The chief investment officer (CIO) is a job title for the board level head of investments within an organization.  The CIO's purpose is to understand, manage, and monitor their organization's portfolio of assets, devise strategies for growth, act as the liaison with investors, and recognize and avoid serious risks, including those never before encountered.

Usage in the United States of America
According to a press release on October 22, 2008, the United States Department of the Treasury named James H. Lambright to serve as the interim chief investment officer for the Troubled Asset Relief Program. "He will provide counsel to Secretary Henry M. Paulson, Jr. and Interim Assistant Secretary for the Office of Financial Stability Neel Kashkari as they develop and implement the program."

Whenever the role of the chief investment officer is active within an insurance company (either life or non-life) and/or pension fund, the role is to manage and coordinate the investment, liquidity (treasury) and/or asset and liability management in order to optimize investment performance within the risk appetite as defined by actuarial studies of risk management guidelines. The role of a chief investment officer within a corporate pension organization is similar, although the end-goal for the chief investment officer is often not profit, but matching the organization's pension assets with its pension liabilities. Chief investment officers at endowments and foundations also consider the liabilities of the organization, with an added focus on liquidity and alternative assets.

Outsourcing models

Background 
Jonathan Hirtle, Chief Executive Officer for Hirtle, Callaghan & Co., pioneered the outsourced chief investment officer (OCIO) model, which serves family groups and organizations that do not employ fully staffed investment departments.
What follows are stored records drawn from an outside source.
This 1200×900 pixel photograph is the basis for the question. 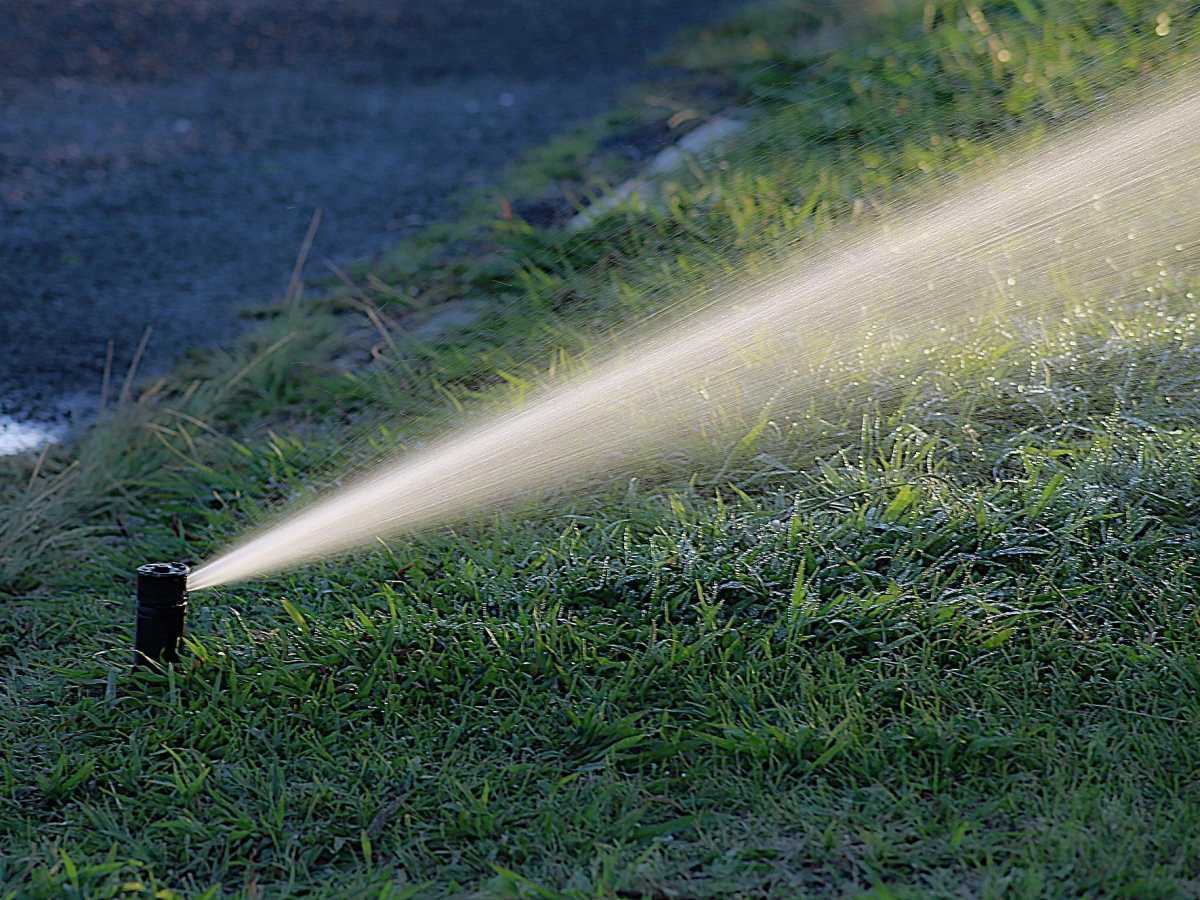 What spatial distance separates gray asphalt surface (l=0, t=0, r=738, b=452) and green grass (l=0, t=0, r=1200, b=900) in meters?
1.07

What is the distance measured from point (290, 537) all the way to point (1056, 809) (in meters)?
1.74

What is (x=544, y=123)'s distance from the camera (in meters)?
6.77

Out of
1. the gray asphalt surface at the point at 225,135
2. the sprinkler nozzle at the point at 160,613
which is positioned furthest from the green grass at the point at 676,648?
the gray asphalt surface at the point at 225,135

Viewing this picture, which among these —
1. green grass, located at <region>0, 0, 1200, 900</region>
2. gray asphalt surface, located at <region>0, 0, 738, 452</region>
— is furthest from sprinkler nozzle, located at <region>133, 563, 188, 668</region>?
gray asphalt surface, located at <region>0, 0, 738, 452</region>

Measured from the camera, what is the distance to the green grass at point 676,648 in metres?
2.04

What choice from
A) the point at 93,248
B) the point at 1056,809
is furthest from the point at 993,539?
the point at 93,248

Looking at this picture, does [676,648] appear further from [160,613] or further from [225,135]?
[225,135]

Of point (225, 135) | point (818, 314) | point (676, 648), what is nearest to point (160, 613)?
point (676, 648)

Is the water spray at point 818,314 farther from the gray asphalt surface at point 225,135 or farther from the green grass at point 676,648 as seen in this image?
the gray asphalt surface at point 225,135

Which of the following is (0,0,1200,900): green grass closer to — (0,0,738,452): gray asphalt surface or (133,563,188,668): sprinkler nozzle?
(133,563,188,668): sprinkler nozzle

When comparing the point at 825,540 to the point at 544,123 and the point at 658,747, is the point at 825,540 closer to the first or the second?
the point at 658,747

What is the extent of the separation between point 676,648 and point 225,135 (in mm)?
5354

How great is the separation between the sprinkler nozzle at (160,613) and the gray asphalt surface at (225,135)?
1.62 metres

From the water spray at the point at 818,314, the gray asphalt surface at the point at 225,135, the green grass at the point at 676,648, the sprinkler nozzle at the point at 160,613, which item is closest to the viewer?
the green grass at the point at 676,648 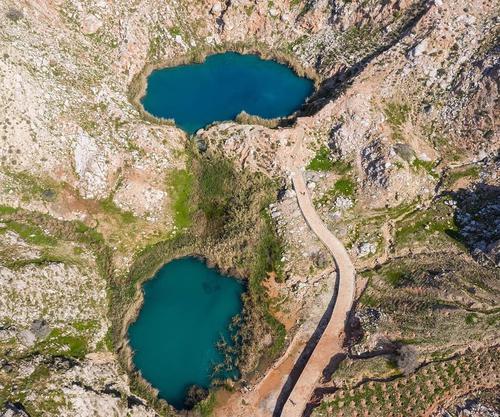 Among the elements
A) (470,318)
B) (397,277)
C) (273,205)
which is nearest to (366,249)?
(397,277)

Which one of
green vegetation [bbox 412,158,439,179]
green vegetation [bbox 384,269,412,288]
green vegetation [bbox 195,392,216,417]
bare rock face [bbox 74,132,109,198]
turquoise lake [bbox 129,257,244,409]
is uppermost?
green vegetation [bbox 412,158,439,179]

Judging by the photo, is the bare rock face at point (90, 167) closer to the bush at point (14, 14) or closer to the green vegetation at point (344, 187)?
the bush at point (14, 14)

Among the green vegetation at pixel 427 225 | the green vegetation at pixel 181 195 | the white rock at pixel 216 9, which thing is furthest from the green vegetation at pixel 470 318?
the white rock at pixel 216 9

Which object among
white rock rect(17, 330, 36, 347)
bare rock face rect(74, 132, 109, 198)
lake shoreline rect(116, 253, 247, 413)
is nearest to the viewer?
white rock rect(17, 330, 36, 347)

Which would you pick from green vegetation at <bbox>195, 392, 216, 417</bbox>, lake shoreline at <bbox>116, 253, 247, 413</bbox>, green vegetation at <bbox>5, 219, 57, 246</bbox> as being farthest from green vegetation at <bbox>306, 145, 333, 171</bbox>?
green vegetation at <bbox>5, 219, 57, 246</bbox>

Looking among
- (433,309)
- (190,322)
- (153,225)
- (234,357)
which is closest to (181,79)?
(153,225)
For his OCIO innovations, Hirtle has been dubbed the “"Oracle of Outsource".

Current OCIO models 
The model by which outsourced CIOs service clients is still evolving in this nascent business.  The most common model is to outsource all decision-making including asset allocation, manager selection and monitoring.  The OCIO reports back to the client, but the burden is largely lifted from the client and placed on the new provider.  Among OCIOs utilizing this approach, there is a "continuum of outsourcing approaches and providers: manager-of-manager programs; funds-of-funds; former CIOs offering a diversified model portfolio".  The common thread amongst these approaches is the use of commingled funds or model portfolios which creates economies of scale for the OCIO.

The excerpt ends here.